Copyright © Chris Shanahan 2009

Beer review — Dalgety Brewing Co.

Dalgety Brewing Co. Golden Ale 24X330ml $75
My favourite of the Dalgety beers has a deep golden colour, a lively, spontaneous head and a hazy appearance. It’s very aromatic, led by fresh, citrusy hops – a character that drives through the rich, smooth, soft, lively malty palate as well, giving a lingering hops flavour and bitterness to the finish.

Dalgety Pale Ale 300ml 24X330ml $75
This one has mid-amber colour, a medium head and a light yeast haze. The brewer’s note describes an ‘in your face’ hit of hops – but it’s subdued, lacking the ultra freshness for the hops to drive the beer as it should. What’s left is a pleasant, bitter, slightly hard beer.

Copyright © Chris Shanahan 2009

Dalgety — a snowy brew

The Dalgety Brewing Company bills itself as the true snowy brewer. Located about half way between Berridale and Dalgety, the microbrewer also claims to be the first commercial producer in the snow mountains region. But I suspect they’d be in a photo finish with Lion Nathan’s Jindabyne-based Kosciusko Brewing for that honour.

I’ve not visited the cellar door (it’s part of the Snowy Vineyard Estate) but the bottled version, distributed in Canberra by Z4, is already available at the Ginger Room at old parliament house and Canberra Cellars, Braddon.
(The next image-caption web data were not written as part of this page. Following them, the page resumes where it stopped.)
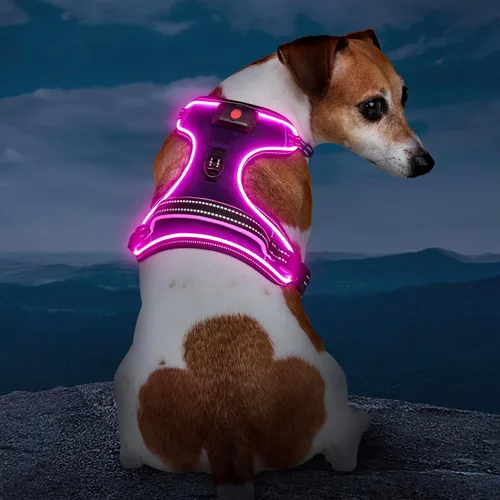 Miniatura 5 de Arnés para perro iluminado con batería pequeño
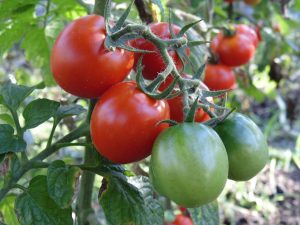 Chuva em excesso compromete qualidade da safra de tomate no país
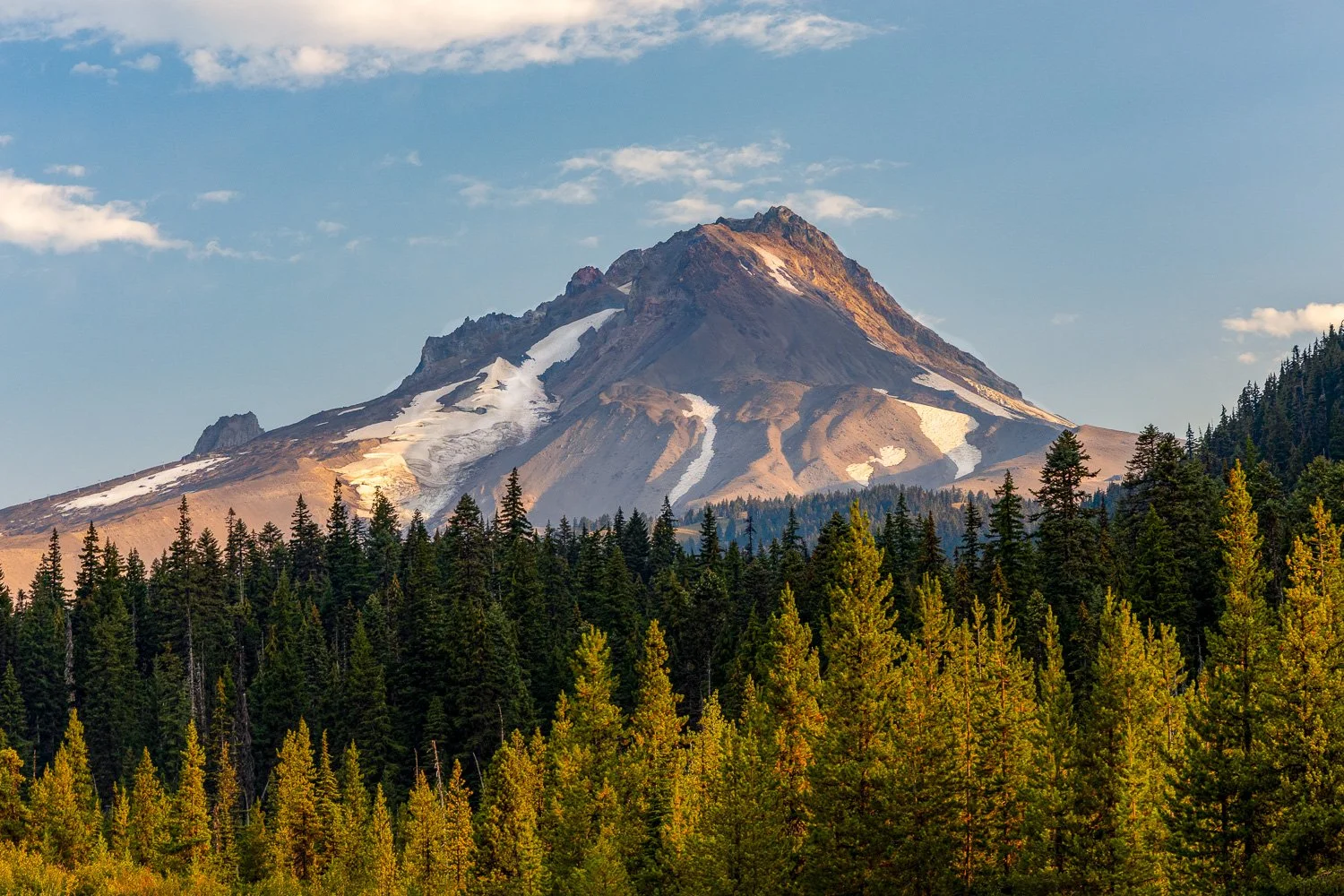 Summit, trees, golden sunset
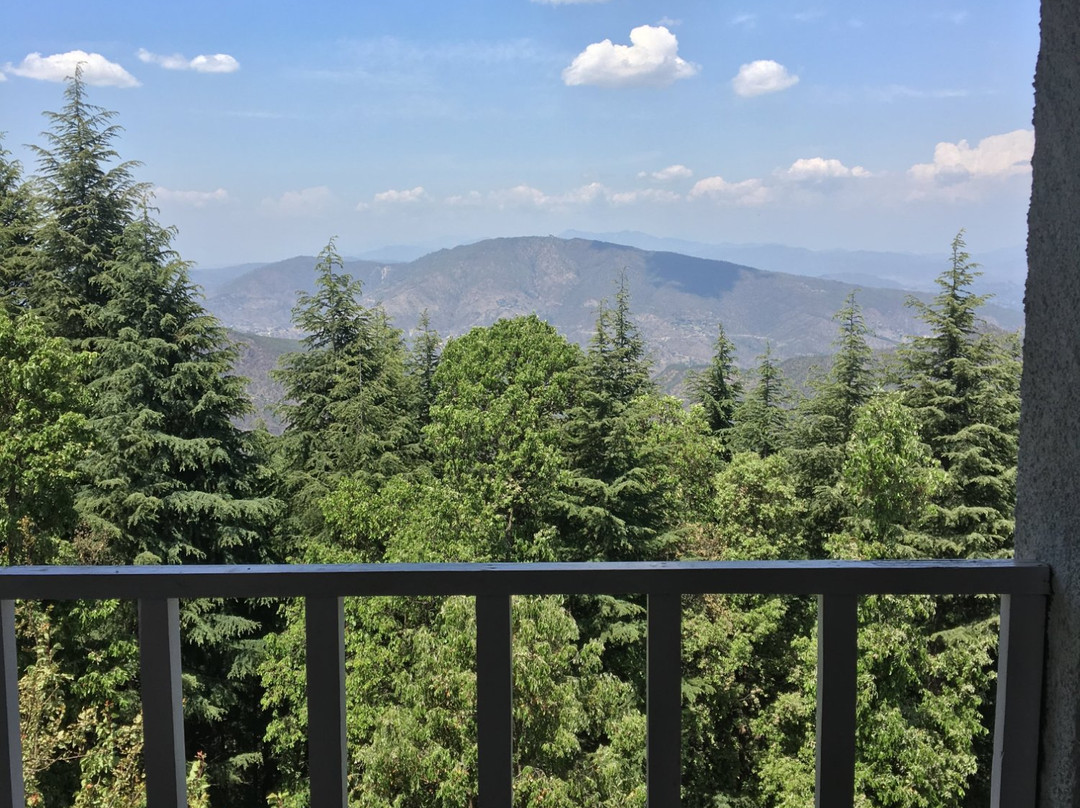 Homfortable Loshgyani主图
The beers are made on site in 100 litre batches by David Lowe. And if they don’t have the classy polish of Lion’s Kosciuszko Pale Ale, there’s an appealing, idiosyncratic, homespun, wholemeal goodness about them (a natural cloudy yeast haze and a slight resinous edge to the hops that builds as you sip).

There’s the foundation for real quality and character across the range, best evidenced in the very fresh, zesty Golden Ale. It’s not inherently a better style than Dalgety’s Blonde Ale, Pale Ale or Red Ale – just fresher, livelier and showing finer, clearer hops aroma, flavour and bitterness. This could be related to the difficulties of small batch bottling – a tricky feat for the even the cleverest brewer.

Copyright © Chris Shanahan 2009

Wine review — Domain Day

Domain Day Mount Crawford One Serious Riesling 2008 $20
Search ‘Mount Crawford South Australia’ on Google Earth and you’ll see that it’s in the hilly country (450 metres altitude) to the east and slightly south of the southern Barossa town of Lyndoch. It just scrapes into the Barossa boundary, but has a significantly cooler climate than the Barossa, or even the elevated Eden Valley, immediately to Mount Crawford’s north and forming the Barossa’s eastern flank. The cool location shapes Robin Day’s wines, including his deliciously fine, intense riesling – a style consistent with the taut, lowish-alcohol, bone-dry end of the Eden Valley spectrum. If serious rieslings put a grin on your face, then this one’s serious.

Domain Day One Serious Sangiovese 2005, One Serious Pinot Noir 2005, $28
Now flip from Google Earth to domainday.com.au and check what grape varieties Robin Day grows – riesling, garganega, viognier, pinot noir, lagrein, sangiovese, saperavi, merlot, nebbiolo and sagrantino. A few old friends make the list, but it’s made up largely of Robin’s own eclectic mix, selected across almost forty years of travel and winemaking.  The sangiovese’s notably bolder than most we see in Australia, but it’s still medium bodied, featuring rich, savoury flavours with a touch of oak plumping up the mid palate. The pinot belies its pale colour with a full, ripe, savoury, red-wine palate and a kiss of sweet oak. These are complex, interesting wines.

Domain Day One Serious ‘L’ Lagrein 2005, One Serious ‘S ‘Saparavi 2005 $28
Robin describes lagrein as a ‘great surprise hiding away in the north of Italy among all those savoury, meaty Italian reds’. It’s deeply coloured, still crimson rimmed at four years with bright, juicy berry flavours and layers of soft tannins. It’s easy to love, teasingly familiar, but not quite like any of our known wine flavours and textures. Saparavi, says Day, is the main red variety of the 500 natives grown in Georgia, the probable cradle of grape cultivation. It’s a big, deep, purple-rimmed, sweet-fruited (but dry) drop – definitely serious – but bright, fresh and lively, finishing with a lovely wave of very, very serious tannins.